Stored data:
=== Section Start ===

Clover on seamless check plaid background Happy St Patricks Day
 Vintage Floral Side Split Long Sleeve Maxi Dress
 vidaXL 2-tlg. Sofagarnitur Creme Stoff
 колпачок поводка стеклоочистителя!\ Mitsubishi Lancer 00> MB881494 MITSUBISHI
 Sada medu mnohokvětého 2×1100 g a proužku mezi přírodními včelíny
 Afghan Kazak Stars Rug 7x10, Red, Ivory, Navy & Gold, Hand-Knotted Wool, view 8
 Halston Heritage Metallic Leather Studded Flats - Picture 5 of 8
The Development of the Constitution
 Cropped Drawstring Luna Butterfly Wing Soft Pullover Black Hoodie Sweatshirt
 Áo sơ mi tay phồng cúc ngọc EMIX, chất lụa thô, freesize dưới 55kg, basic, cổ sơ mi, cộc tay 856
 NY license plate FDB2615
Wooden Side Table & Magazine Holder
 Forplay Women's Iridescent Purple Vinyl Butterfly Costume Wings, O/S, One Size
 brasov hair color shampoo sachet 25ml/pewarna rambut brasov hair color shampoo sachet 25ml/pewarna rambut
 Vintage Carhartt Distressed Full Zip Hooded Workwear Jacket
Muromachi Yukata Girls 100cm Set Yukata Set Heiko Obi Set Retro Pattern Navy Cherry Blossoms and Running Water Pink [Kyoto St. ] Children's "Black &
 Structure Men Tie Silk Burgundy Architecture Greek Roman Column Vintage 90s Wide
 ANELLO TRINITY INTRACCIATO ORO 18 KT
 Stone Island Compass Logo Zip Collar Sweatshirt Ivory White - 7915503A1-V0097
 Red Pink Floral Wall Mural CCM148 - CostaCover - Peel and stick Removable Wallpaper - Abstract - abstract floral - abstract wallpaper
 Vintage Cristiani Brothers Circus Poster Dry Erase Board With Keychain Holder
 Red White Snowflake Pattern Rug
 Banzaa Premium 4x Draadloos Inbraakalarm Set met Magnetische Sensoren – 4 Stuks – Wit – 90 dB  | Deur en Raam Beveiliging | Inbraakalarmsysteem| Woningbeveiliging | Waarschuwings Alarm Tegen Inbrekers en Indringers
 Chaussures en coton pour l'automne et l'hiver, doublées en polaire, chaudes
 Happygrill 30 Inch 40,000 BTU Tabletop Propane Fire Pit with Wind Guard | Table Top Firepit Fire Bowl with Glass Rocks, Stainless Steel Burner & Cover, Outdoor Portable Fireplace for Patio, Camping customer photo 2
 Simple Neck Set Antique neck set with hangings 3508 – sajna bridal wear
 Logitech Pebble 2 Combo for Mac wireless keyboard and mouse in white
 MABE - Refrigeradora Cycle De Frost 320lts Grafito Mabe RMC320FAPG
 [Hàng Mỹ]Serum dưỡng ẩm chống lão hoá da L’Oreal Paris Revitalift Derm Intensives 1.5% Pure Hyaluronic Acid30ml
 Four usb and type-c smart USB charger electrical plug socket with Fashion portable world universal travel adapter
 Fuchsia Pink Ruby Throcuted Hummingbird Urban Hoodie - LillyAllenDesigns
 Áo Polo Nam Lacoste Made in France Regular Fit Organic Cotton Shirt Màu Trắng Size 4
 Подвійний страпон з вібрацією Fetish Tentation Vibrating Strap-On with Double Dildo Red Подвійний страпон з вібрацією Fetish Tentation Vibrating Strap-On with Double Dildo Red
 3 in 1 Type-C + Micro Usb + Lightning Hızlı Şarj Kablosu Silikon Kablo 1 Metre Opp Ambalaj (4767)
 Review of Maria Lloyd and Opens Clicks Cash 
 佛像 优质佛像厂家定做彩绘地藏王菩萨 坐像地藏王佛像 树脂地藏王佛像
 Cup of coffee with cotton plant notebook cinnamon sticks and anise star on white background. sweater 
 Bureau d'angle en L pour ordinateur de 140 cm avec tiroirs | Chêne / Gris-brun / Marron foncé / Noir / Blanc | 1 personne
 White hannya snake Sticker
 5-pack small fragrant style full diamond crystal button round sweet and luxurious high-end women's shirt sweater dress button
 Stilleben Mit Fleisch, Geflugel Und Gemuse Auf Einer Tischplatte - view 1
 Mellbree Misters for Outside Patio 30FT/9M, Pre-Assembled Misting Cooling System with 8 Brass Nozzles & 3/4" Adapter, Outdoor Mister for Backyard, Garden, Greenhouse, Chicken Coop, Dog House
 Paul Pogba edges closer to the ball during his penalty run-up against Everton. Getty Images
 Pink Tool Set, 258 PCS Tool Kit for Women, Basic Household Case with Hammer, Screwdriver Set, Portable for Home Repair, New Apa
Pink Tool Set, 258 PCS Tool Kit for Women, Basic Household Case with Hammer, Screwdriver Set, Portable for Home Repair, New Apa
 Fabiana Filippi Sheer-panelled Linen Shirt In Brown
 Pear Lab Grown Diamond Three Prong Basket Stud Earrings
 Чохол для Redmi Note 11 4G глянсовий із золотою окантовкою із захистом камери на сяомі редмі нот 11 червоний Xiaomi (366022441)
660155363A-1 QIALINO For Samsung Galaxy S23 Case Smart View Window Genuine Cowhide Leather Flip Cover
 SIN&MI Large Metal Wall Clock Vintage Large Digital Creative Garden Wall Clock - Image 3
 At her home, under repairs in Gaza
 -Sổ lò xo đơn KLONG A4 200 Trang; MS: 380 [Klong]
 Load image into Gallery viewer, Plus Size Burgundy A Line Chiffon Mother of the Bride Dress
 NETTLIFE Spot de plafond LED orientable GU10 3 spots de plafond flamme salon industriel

=== Section End ===

◆ **TASK**: In the entries above, restate word for word the lines between the one holding "vidaXL 2-tlg. Sofagarnitur Creme Stoff" and the one holding "Stone Island Compass", inclusive, and nothing besides.

◆ **EXERCISE ANSWER**:
 vidaXL 2-tlg. Sofagarnitur Creme Stoff
 колпачок поводка стеклоочистителя!\ Mitsubishi Lancer 00> MB881494 MITSUBISHI
 Sada medu mnohokvětého 2×1100 g a proužku mezi přírodními včelíny
 Afghan Kazak Stars Rug 7x10, Red, Ivory, Navy & Gold, Hand-Knotted Wool, view 8
 Halston Heritage Metallic Leather Studded Flats - Picture 5 of 8
The Development of the Constitution
 Cropped Drawstring Luna Butterfly Wing Soft Pullover Black Hoodie Sweatshirt
 Áo sơ mi tay phồng cúc ngọc EMIX, chất lụa thô, freesize dưới 55kg, basic, cổ sơ mi, cộc tay 856
 NY license plate FDB2615
Wooden Side Table & Magazine Holder
 Forplay Women's Iridescent Purple Vinyl Butterfly Costume Wings, O/S, One Size
 brasov hair color shampoo sachet 25ml/pewarna rambut brasov hair color shampoo sachet 25ml/pewarna rambut
 Vintage Carhartt Distressed Full Zip Hooded Workwear Jacket
Muromachi Yukata Girls 100cm Set Yukata Set Heiko Obi Set Retro Pattern Navy Cherry Blossoms and Running Water Pink [Kyoto St. ] Children's "Black &
 Structure Men Tie Silk Burgundy Architecture Greek Roman Column Vintage 90s Wide
 ANELLO TRINITY INTRACCIATO ORO 18 KT
 Stone Island Compass Logo Zip Collar Sweatshirt Ivory White - 7915503A1-V0097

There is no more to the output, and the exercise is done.